§ YOUR INSTRUCTIONS: Look through the entries and count each line that includes the string "Sweater". Reply with the number alone.

DATA FOR THIS EXERCISE below:

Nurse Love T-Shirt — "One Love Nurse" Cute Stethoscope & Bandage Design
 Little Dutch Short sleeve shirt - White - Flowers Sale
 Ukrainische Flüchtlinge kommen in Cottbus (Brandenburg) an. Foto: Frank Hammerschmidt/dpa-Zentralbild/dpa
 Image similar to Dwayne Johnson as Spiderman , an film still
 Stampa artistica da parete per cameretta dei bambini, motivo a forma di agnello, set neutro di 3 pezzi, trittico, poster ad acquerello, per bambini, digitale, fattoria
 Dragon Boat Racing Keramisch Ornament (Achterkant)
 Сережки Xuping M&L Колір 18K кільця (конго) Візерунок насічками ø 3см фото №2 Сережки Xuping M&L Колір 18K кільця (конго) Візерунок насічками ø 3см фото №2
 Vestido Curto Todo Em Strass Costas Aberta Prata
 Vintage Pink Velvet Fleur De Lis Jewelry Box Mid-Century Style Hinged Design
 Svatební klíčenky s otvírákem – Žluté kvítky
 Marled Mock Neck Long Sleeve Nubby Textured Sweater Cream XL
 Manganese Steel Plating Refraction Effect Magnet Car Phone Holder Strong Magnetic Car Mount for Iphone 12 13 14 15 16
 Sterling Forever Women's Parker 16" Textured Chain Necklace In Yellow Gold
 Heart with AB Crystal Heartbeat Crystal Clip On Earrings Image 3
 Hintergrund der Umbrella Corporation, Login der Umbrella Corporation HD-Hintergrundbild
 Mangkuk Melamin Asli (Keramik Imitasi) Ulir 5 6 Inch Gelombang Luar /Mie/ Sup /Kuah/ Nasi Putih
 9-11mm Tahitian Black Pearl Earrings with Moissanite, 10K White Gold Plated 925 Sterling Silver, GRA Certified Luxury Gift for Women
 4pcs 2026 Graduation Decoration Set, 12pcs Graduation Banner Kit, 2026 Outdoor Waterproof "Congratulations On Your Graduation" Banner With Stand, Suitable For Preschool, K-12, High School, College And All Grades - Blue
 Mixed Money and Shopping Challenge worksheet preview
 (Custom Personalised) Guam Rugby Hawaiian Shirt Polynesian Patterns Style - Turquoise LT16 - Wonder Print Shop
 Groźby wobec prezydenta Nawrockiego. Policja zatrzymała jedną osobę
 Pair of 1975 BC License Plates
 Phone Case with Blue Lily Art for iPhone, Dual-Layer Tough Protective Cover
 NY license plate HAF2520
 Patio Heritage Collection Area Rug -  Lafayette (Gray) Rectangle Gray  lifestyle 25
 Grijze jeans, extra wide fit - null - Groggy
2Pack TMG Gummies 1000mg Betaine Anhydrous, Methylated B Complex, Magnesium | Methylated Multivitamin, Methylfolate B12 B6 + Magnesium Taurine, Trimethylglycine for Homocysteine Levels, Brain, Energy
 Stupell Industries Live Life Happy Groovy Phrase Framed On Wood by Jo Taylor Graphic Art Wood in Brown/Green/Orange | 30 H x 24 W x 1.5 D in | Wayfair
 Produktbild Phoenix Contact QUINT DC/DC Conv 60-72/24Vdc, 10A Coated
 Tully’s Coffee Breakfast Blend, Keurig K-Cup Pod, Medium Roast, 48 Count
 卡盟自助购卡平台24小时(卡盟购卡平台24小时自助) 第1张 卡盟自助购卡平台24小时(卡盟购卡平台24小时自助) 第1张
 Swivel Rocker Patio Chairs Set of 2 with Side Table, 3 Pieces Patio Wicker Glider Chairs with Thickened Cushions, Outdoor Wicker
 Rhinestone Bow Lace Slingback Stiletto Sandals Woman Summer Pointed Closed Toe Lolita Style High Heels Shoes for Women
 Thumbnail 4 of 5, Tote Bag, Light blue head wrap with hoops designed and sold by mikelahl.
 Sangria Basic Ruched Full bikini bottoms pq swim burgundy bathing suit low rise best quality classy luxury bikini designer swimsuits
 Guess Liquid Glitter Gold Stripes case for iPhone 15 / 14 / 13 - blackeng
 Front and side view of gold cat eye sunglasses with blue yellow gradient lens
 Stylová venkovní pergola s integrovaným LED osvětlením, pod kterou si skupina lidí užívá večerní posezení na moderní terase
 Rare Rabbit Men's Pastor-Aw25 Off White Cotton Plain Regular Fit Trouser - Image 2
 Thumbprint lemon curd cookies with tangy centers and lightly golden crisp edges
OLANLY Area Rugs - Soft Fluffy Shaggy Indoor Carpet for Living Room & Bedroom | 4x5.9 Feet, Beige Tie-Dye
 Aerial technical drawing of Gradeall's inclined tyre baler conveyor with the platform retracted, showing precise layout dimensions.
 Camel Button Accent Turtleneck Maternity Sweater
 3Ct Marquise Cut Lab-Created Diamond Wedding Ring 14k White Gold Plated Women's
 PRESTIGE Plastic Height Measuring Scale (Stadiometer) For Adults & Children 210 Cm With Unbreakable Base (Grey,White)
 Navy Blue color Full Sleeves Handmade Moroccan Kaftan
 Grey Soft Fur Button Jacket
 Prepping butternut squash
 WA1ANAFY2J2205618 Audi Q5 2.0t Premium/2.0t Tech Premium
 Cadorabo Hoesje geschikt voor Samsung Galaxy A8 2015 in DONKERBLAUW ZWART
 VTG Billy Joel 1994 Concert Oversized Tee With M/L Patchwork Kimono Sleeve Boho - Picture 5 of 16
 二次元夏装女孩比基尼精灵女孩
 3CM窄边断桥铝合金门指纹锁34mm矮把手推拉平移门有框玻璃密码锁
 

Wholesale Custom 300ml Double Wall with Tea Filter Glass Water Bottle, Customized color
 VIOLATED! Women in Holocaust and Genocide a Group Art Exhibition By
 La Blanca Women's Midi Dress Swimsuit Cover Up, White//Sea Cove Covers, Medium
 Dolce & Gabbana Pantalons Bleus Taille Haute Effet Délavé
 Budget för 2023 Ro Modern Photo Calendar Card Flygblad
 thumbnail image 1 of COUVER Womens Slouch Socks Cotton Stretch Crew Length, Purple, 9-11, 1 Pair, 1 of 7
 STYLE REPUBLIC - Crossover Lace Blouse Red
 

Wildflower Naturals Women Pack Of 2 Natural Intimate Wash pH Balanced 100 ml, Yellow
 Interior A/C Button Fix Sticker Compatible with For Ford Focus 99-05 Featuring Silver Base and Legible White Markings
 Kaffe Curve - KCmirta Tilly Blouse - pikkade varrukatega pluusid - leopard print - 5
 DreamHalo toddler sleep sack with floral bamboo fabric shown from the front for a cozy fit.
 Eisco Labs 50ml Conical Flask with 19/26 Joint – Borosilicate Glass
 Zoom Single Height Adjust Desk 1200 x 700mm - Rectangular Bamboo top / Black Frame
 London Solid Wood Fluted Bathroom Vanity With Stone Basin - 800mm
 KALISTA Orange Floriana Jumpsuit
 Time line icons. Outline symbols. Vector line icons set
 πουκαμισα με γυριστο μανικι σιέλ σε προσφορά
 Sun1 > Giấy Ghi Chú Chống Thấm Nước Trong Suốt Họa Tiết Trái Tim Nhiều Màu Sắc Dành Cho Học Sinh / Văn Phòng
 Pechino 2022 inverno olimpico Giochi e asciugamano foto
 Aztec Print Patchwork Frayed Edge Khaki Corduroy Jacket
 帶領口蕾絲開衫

End of DATA FOR THIS EXERCISE.

§ EXPECTED ANSWER: 2